August 17, 2022, 10:12 a.m. David Mitchell — After more than a decade in private practice, an observation by her teenage daughter made Lisa Herbert, M.D., reexamine her career.
“She basically came to me one day and said, ‘Mom, something is different about you. I’m not sure what’s going on, but you’re tired all the time. You’re not as happy as you used to be, and we don’t do the things we used to do,’” Herbert recalled. “It made me stop in my tracks, think about what she was saying and realize that I needed to do something different.”
Herbert took time off to rest and reflect and recognized that her daughter was right. The movies, trips and other activities she used to share with her children had stopped. She was consumed by work and too exhausted for the things she enjoyed.
“I was pushing myself to the point of burnout,” she said. “You think it’s something you’re not doing right, so you work longer and harder to get over it. That was my mindset, that this will get better. ‘This too shall pass.’ Well, it never passed.”
During a time when career coaching wasn’t common in health care, a friend in the finance industry connected Herbert with a life coach.
“It was very helpful for me to be able to develop this change mindset,” Herbert said. “It gave me the insight I needed to be able to look at things through a different lens and know that I had options. When I thought about how lucky I was to have a coach, I also realized that a lot of my physician colleagues could benefit from the same thing.”
In 2015, Herbert took a six-month course to become a certified personal and executive coach.
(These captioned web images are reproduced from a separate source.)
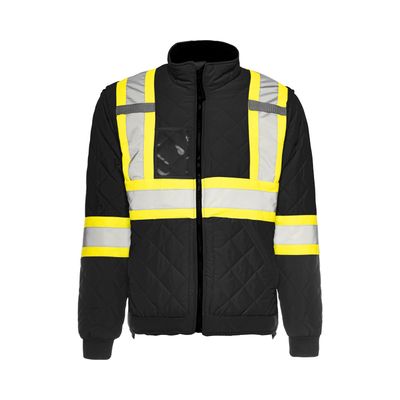 Premium Hi Vis Quilted Jacket | Ground Force TJ1 Ground Force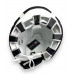 Шлем боксерский Twins Special HGL11 black white XL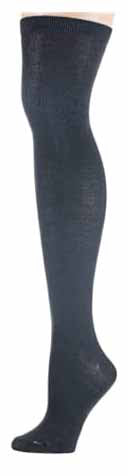 Women's Knit Over the Knee Socks - Black - Size 9-11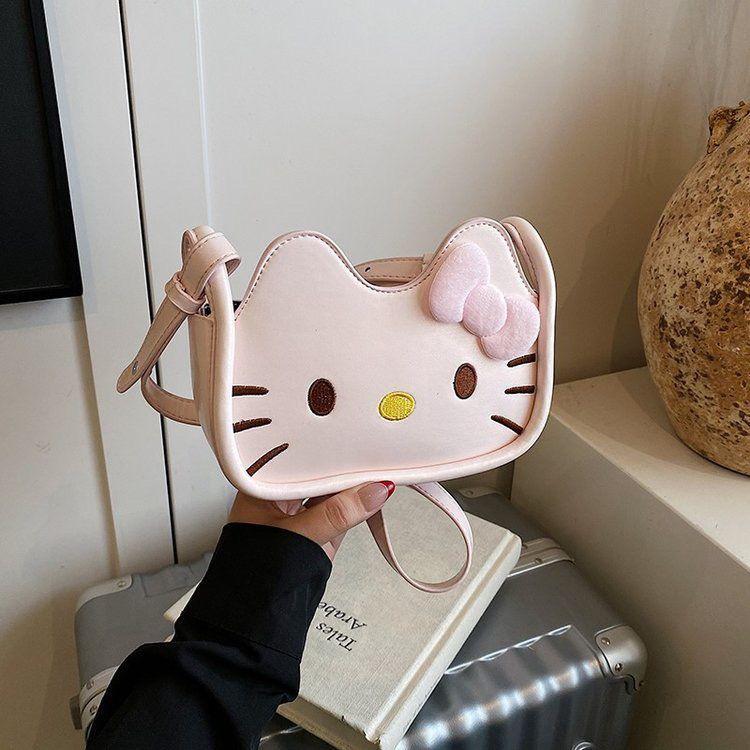 Hello Kitty small shoulder bag new kawaii cute cartoon creative and exquisite fashion coin mobile phone shoulder bag girl gift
In January 2016, she launched Just The Right Balance LLC, which offers coaching, consulting, workshops and training to help physicians become effective leaders. She also works as a physician peer coach and executive coach for other firms, working with individual physicians as well as hospitals and health care systems.
“It helped me understand the role of a coach, who really is an accountability partner for their client,” she said of her training. “It’s also someone who helps their clients see their blind spots, which happens a lot with physicians who go through burnout. You just don’t see things that are happening externally until someone brings it to the forefront. It helped me develop a process by which I’m able to really get my clients to open up and let me in to see what struggles they’re having and to help.”
Herbert attributed her burnout, in part, to lacking certain leadership skills that physicians benefit from but aren’t always taught in medical school or residency, including conflict management, emotional intelligence, building and working in teams and the ability to influence.
“Those skills are necessary for physicians to be able to really thrive and succeed in their own work environments,” said Herbert, who has experience as a medical director both in the clinical setting and with a private payer. “That’s why I decided to go into coaching, to help other physicians become high-performing leaders who will use their voice to improve and strengthen the health care system.”
Herbert will present a session titled “Developing a Leadership Mindset For Improved Outcomes and Reduced Burnout” during the 2022 Family Medicine Experience, Sept. 20-23 in Washington, D.C. Herbert said the course will cover the crucial skills needed for leadership and explore different leadership styles and how to implement them in practice.
Herbert said regardless of role or career stage, physicians “should show up as leaders.” Leadership skills, she said, are needed to help physicians address challenges, lead within their organizations and develop resiliency.
“Health care is always changing,” she said. “There’s always going to be something new, so as physicians, we must be able to adapt and change our mindsets so that we can be resilient. If we’re able to deal with changes and voice our opinions, it leads to less burnout because we don’t feel boxed in. We feel that we can have better control over the situation and not feel like the situation is controlling us.”
Herbert, who was a clinical assistant professor for the (then) New Jersey Medical School at the University of Medicine and Dentistry of New Jersey in Newark from 2007 to 2012, is keeping a foot in both the clinical and academic worlds as a volunteer physician at the student-run, free HEAL Clinic at the Morehouse School of Medicine in Atlanta.
“I get the most joy out of teaching and, because of my years of experience, I still feel like I have a lot to offer students,” she said. “I especially recognize the role I play to those students in underrepresented communities. Only 5% of physicians in the U.S. are identified as Black or African American. I love being able to be that role model and mentor for minority students who want to become physicians.”